I know we have all had losses. Thanks for listening and being here.


----------



## forluvofsmoke (Jan 27, 2012)

Hi Jewel-

I find it refreshing to read that your outlook is so bright...seeing so much good around you. You seem to be handling life-changing events quite well. Hey, do what works for you...and don't fix what isn't broke, right?

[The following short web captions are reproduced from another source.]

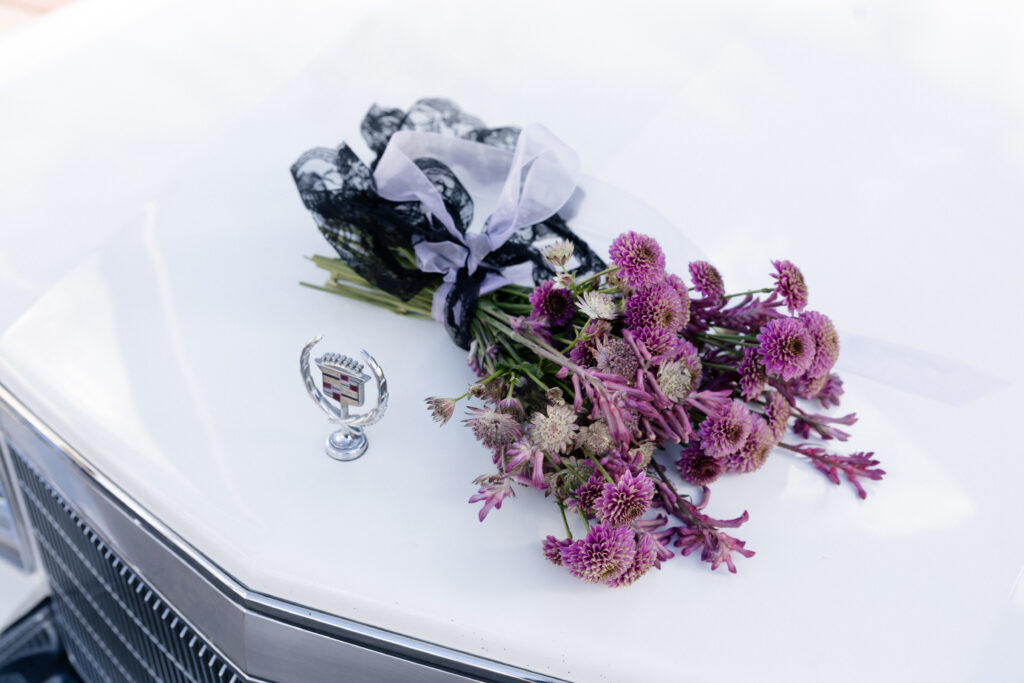 Purple wedding bouquet on a vintage car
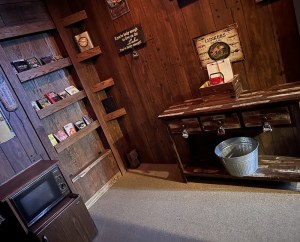 Camp cabin with a bookshelf, microwave/ mini-fridge combo, and a small workbench with locked drawers.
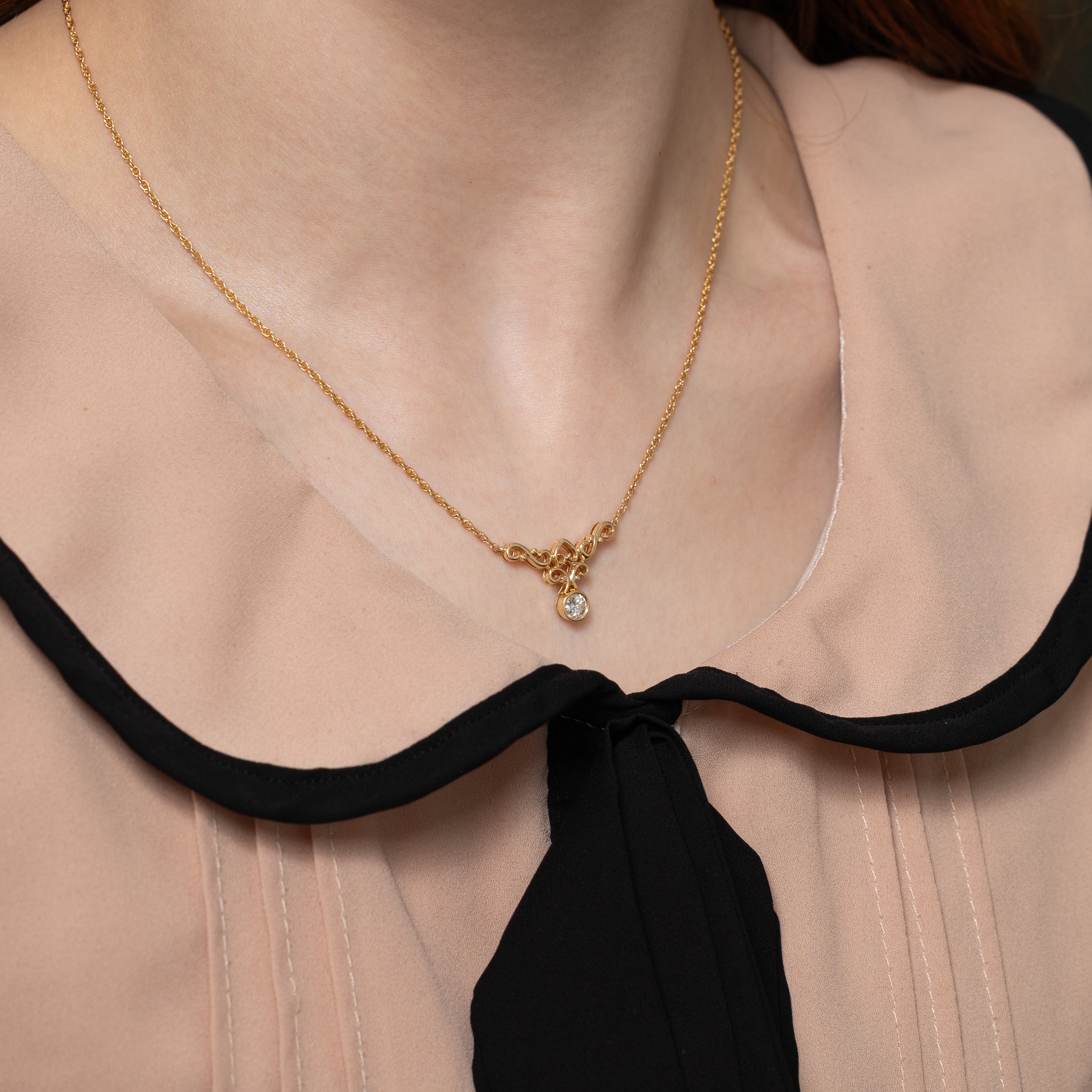 Yellow Gold Bezel Set Diamond Scrollwork Pendant Necklace | 0.26ct | 17"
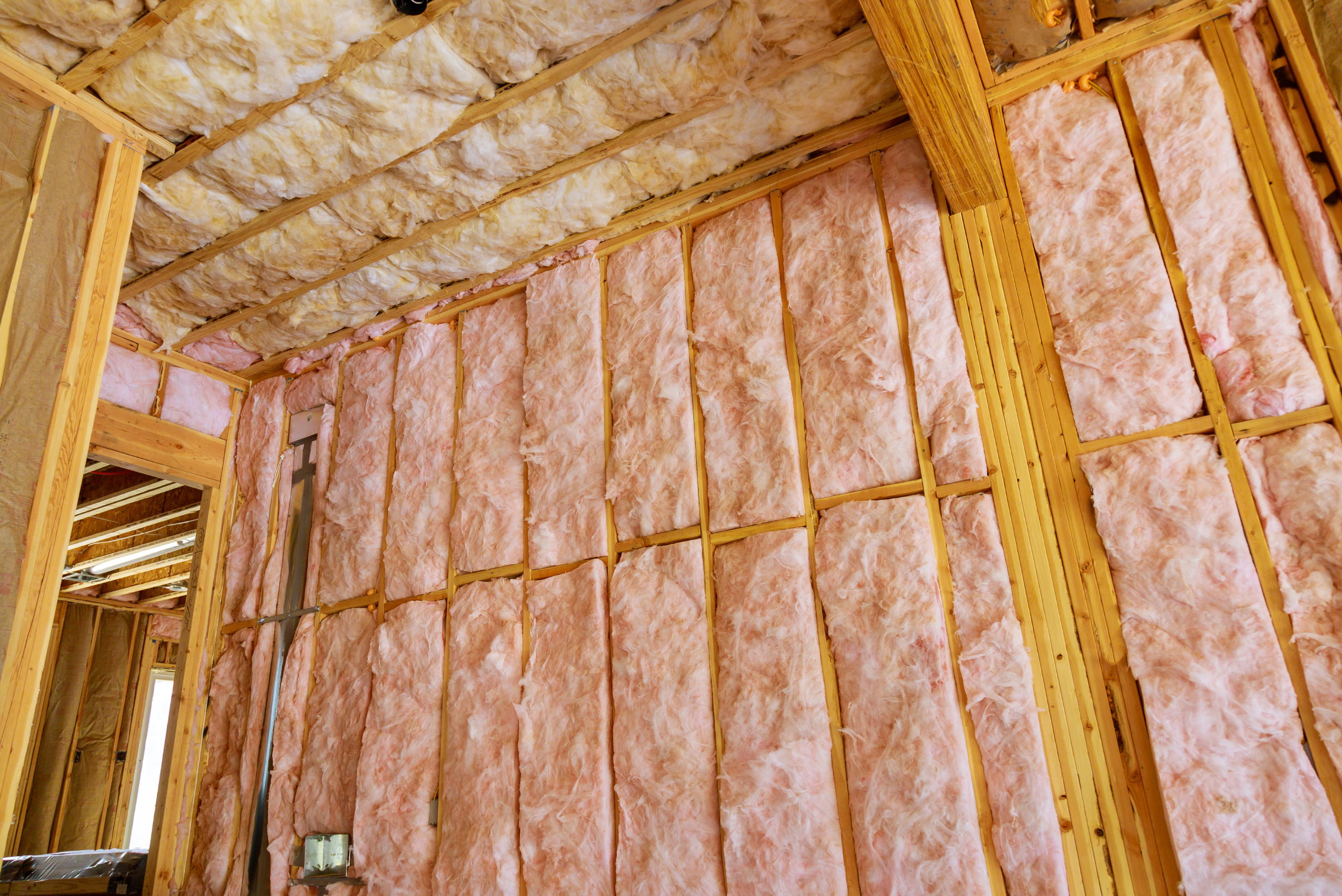 Installed insulation on the wooden frame of a room.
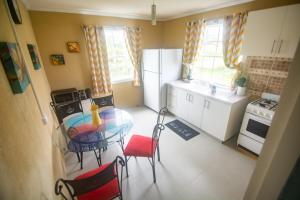 a small kitchen with a table and chairs in it at Fortescue Cherry Blossom Apartments in Saint Philip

Yes, your post seemed dim, and I felt inclined to elaborate...maybe in your case it wasn't necessary, but then others may find some use from what I wrote. As I wrote I found myself in moments of pause, realizing that some of what I was referring to was also directly related to my own situation. So, it did help me to understand myself better, while attempting to help someone else...a win-win!!!


Weedygarden-

I failed thank you for posting this, so, THANKS!!! Reading that article, others responses, and posting here, is giving me more insight on how to move forward. It's been a looooong and bumpy road, but I see more healing coming my way.


----------



## weedygarden (Apr 27, 2011)

forluvofsmoke said:


> Weedygarden, sorry for your losses. Being you have posted this, you know the healing process will continue over time, and to resist will lengthen or stop the process. To go with the flow will speed your healing...that's the good news. I wish the best to you and yours.
> .....
> 
> If you hold onto guilt or anger, the pain can consume you...your life will never be what it should be, because you are not fully in control. In this state, happiness can be elusive, if not nonexistent. After-all, what is life without happiness?


Thank you, forluvofsmoke, I too believe to resist any part of this lengthens or stops the healing process. I am not someone who cries much, day to day, and I am just letting it happen when it happens. No resistance to that.


----------



## forluvofsmoke (Jan 27, 2012)

weedygarden said:


> Thank you, forluvofsmoke, I too believe to resist any part of this lengthens or stops the healing process. I am *not someone who cries much, day to day*, and I am just letting it happen when it happens. No resistance to that.


That's me as well...I may go years without shedding a tear...it's something that has been engrained into the male of our species, thanks to our societal misconceptions. Guys are supposed to be tough...the strong shoulder to lean on...the calm and understanding ear when in times of need, yet, the stern and firm voice when necessary...the protector when a threat arises...and above all, having the ability to over-ride/ignore the worst of pain, be it emotional or physical, regardless of the cause.

So, we can be tough, sure...doesn't do a bit of good for our own mental wellness when we suffer a loss. Being tough doesn't allow the healing to begin. Remembering that is the hard part for me. Disconnecting one's self from being all that it is you do, just to take care of yourself...that seems to be the key, at least for me. Getting involved with this thread is bringing some needed change for me...opening my eyes and bringing about a different view of how to heal from life-changing events, instead of just coping with them. Coping is just being tough...tough doesn't cut it.

Sometimes, you just gotta let go...I did that a little, last night, and today...I haven't done that for a long time. Nothing but good things will come of it...

Be well!!!


----------



## LincTex (Apr 1, 2011)

forluvofsmoke said:


> ...I may go years without shedding a tear...it's something that has been engrained into the male of our species, thanks to our societal misconceptions. Guys are supposed to be tough...
> 
> So, we can be tough, sure...doesn't do a bit of good for our own mental wellness when we suffer a loss. Being tough doesn't allow the healing to begin.


This thread is really speaking to me. 
I may be facing a divorce sometime in the future... 
but I do NOT want that to happen.

My Passive-Aggressive wife is gutting this marriage in a very covert way of abuse towards me.

Trust me.......... I **KNOW** how to cry


----------



## weedygarden (Apr 27, 2011)

*LincTex, I am sorry!*



LincTex said:


> This thread is really speaking to me.
> I may be facing a divorce sometime in the future...
> but I do NOT want that to happen.
> 
> ...


That was one of the hardest things for me to go through. I can only imagine the pain you are going through.


----------



## Jewel (Sep 6, 2014)

((((((((((( Everyone )))))))))) 


How we feel it is one thing, how we let it change us is another. 

I've heard that love is the cure but I disagree. I believe it's hope, in whatever form we can find it.


----------